As the world rings in 2020, the debate begins if we’re actually entering a new decade.

Some say this decade ends on Dec. 31, 2019, and the start of the new one begins Jan. 1, 2020. Include in that group TV Guide and USA Today.  Others argue the new decade won’t start until Jan. 1, 2121?

So which is it? Jerry Seinfeld knows, and he told Newman the answer below. Brace yourself for some mental acrobatics. Here we go.

The Farmer’s Almanac reports we should all resolve to make this New Year’s resolution: Insist to your friends and family that decades begin with the year ending in the numeral 1 and finish with a 0.  For a decade to begin, we must start with the year ending with 1 (2021) and finish with 10, or so far as chronology is concerned, a year ending in 0 (2030).

TV Guide published its “Best of the Decade” Guide, believing the decade is over. Photo: screenshot.

Looking back, Jan. 1, 2001 opened the 21st century and the start of a new millennium, just as the year 1 A.D. marked the beginning of the Christian calendar.

Comedian Jerry Seinfeld even included this in his popular television series “Seinfeld.” His nemesis in the show was Newman, his neighbor. Newman was planning to host a grand Millennium party that Jerry was not invited to. Jerry made it a point to tell his neighbor that the party he had planned at a local New York hotel was “one year late and thus quite lame.”

At the stroke of midnight on Dec. 31, you’ll actually be celebrating the start of a new year, not a new decade which will start in the year 2021.

So who’s to blame for this confusion?  History points to two men – Dionysius Exiguus and a  Northumbrian monk named Bede.

Exiguus, who was born in 470 was the first to suggest counting the passage of the years from the date of the birth of Jesus Christ, according to The Almanac.

Anyone who attended Sunday School can tell you that Jesus was born during the reign of the Roman Emperor Caesar Augustus.  But historians debate just exactly when Augustus ascended to the throne. (His maternal great-uncle was Julius Caesar.)

In his computations, Exiguus called the year of Jesus birth 1 A.D. and was not accurately placed in the timeline of history.  Some religious scholars now think Jesus might have been born several years earlier, according to The Almanac.

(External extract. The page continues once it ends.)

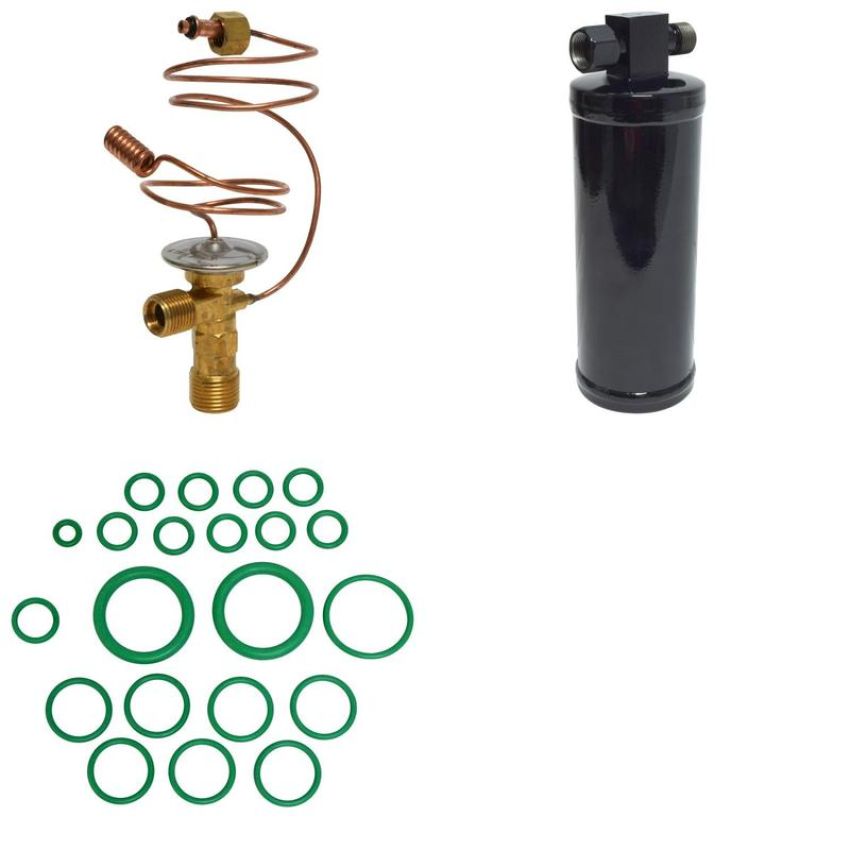 Universal Air Conditioning AK 2067 A/C System Seal Kit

Then we would have to wait for more than 250 years before the monk Bede made the anno Domini era in Anglo-Saxon England popular. He extended counting the years before the birth of Christ, most commonly known as B.C.

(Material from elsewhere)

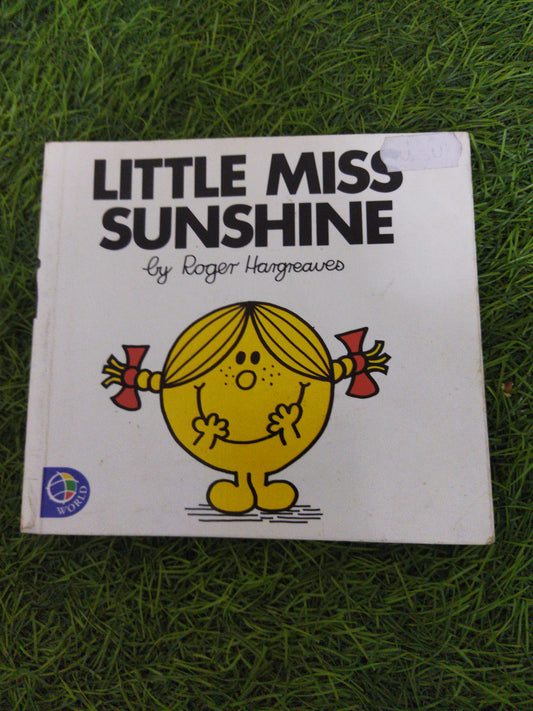Little miss Sunshine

Like his predecessor, Bede did not account for the year zero. So 1 B.C. came before 1 A.D.  He just left out the zero.

Confused? Joe Rao, writing on The Almanac’s website, points to an elevator analogy to help folks understand this “timeline of years” mystery.

Rao writes, “think of going into a building in which the ground floor is listed not as the first floor, but as the lobby. So the first floor is actually one flight above you.

So if you were to go into an elevator located in the lobby and wanted to go 10-flights up, you would actually end up on the ninth floor (if you were to assume that the lobby as the “zero” floor).

But if you assume the lobby as the “first” floor and went 10-flights up, you would end up on the tenth floor.”

Rao notes that 2021 is our equivalent of the first-floor lobby and after going up 10 years we will arrive at the year 2030.

So do the math. The beginning of a new decade is still a year away, in 2021. But this doesn’t mean you can’t celebrate the start of a new year on Dec. 31.

There’s a meme that’s been floating around on Facebook and the internet for the past year. It requests that in Times Square this New Year’s Eve, the City of New York needs to hire Barbara Walters just so she can say her iconic line from her old news program that was featured on ABC when the ball drops at midnight.

I’m Barbara Walters and this is 2020.